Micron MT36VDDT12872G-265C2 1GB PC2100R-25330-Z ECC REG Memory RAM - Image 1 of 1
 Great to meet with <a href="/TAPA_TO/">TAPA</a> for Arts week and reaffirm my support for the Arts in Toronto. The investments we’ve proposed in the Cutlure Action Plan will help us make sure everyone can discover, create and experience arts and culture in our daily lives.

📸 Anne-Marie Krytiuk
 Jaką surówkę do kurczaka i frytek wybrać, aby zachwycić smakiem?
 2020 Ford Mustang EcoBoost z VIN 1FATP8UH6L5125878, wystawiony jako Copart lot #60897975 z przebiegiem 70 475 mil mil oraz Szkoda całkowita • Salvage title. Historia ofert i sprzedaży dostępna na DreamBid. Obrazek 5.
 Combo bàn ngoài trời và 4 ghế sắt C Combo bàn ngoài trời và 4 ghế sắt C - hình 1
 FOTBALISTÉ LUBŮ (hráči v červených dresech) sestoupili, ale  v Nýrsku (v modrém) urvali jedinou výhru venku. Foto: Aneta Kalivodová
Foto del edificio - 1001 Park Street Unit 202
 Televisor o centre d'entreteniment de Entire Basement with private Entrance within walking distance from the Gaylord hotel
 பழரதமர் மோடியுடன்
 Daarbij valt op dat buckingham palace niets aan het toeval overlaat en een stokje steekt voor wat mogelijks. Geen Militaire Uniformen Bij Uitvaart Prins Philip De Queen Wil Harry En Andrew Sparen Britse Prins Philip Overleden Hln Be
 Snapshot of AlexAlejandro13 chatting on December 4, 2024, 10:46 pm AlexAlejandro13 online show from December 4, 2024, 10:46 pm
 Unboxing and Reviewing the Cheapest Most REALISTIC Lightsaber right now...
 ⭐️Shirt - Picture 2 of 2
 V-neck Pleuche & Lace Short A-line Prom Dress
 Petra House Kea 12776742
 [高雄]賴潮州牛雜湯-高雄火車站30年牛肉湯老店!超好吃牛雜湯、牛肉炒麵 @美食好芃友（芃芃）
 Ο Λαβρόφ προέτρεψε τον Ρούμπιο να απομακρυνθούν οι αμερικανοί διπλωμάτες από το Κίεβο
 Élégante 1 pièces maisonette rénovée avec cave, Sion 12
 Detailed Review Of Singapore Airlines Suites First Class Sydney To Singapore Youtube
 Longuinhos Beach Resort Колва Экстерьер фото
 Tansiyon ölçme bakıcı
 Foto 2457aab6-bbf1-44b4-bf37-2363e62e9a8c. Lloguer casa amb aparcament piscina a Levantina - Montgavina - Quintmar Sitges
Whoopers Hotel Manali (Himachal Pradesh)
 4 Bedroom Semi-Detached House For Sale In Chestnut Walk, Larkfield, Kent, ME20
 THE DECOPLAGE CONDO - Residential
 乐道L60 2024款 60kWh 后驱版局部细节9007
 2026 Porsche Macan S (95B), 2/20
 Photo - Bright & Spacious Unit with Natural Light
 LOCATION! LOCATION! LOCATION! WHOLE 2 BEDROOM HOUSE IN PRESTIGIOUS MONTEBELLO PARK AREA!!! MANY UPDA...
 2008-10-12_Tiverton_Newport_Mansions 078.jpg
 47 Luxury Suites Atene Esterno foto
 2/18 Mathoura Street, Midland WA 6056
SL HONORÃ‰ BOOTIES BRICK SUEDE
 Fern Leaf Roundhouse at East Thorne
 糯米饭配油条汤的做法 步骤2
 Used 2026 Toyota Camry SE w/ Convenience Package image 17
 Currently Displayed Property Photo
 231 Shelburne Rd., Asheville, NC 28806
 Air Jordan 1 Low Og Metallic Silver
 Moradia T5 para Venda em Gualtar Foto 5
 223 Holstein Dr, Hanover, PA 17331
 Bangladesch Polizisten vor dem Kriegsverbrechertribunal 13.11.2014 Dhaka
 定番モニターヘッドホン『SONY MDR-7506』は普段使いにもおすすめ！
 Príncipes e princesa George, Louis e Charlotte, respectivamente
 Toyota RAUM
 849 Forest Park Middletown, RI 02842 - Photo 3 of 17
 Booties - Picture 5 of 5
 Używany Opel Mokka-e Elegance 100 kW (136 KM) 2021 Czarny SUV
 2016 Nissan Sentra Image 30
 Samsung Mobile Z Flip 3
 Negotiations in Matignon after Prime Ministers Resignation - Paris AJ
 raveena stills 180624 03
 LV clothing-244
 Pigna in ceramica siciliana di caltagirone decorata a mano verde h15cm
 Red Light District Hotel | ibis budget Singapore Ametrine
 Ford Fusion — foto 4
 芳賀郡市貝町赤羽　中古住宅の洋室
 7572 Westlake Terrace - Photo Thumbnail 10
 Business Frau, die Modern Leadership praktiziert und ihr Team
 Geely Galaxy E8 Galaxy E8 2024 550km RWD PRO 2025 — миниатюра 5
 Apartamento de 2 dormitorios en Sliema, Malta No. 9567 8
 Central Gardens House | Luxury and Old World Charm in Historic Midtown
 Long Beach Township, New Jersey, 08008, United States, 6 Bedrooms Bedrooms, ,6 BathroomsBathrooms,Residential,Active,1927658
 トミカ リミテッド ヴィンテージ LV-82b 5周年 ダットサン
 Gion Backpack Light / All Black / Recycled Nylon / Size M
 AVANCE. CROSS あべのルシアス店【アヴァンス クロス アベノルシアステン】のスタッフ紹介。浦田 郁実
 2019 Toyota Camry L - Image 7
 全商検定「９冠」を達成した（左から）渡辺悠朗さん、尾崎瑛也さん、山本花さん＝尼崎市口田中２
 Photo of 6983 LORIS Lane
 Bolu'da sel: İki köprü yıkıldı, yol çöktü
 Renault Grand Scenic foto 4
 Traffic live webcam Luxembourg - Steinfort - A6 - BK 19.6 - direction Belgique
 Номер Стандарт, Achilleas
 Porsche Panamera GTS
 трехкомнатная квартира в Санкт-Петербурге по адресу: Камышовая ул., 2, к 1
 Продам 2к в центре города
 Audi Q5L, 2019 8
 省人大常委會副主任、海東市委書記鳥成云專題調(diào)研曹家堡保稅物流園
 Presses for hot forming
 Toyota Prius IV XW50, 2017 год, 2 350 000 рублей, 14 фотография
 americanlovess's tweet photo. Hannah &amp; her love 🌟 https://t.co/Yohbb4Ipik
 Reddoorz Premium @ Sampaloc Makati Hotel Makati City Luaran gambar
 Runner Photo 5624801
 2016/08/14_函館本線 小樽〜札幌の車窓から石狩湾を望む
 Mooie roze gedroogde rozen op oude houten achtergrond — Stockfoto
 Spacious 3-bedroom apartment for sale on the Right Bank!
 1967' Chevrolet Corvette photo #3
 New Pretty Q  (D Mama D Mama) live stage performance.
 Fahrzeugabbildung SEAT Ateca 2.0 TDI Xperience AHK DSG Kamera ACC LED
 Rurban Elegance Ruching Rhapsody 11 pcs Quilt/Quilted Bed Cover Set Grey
======
— INSTRUCTIONS TO FOLLOW —
Retype the entries exactly from the first line, stopping after the line with "2020 Ford Mustang".

— ANSWER SPACE —
Micron MT36VDDT12872G-265C2 1GB PC2100R-25330-Z ECC REG Memory RAM - Image 1 of 1
 Great to meet with <a href="/TAPA_TO/">TAPA</a> for Arts week and reaffirm my support for the Arts in Toronto. The investments we’ve proposed in the Cutlure Action Plan will help us make sure everyone can discover, create and experience arts and culture in our daily lives.

📸 Anne-Marie Krytiuk
 Jaką surówkę do kurczaka i frytek wybrać, aby zachwycić smakiem?
 2020 Ford Mustang EcoBoost z VIN 1FATP8UH6L5125878, wystawiony jako Copart lot #60897975 z przebiegiem 70 475 mil mil oraz Szkoda całkowita • Salvage title. Historia ofert i sprzedaży dostępna na DreamBid. Obrazek 5.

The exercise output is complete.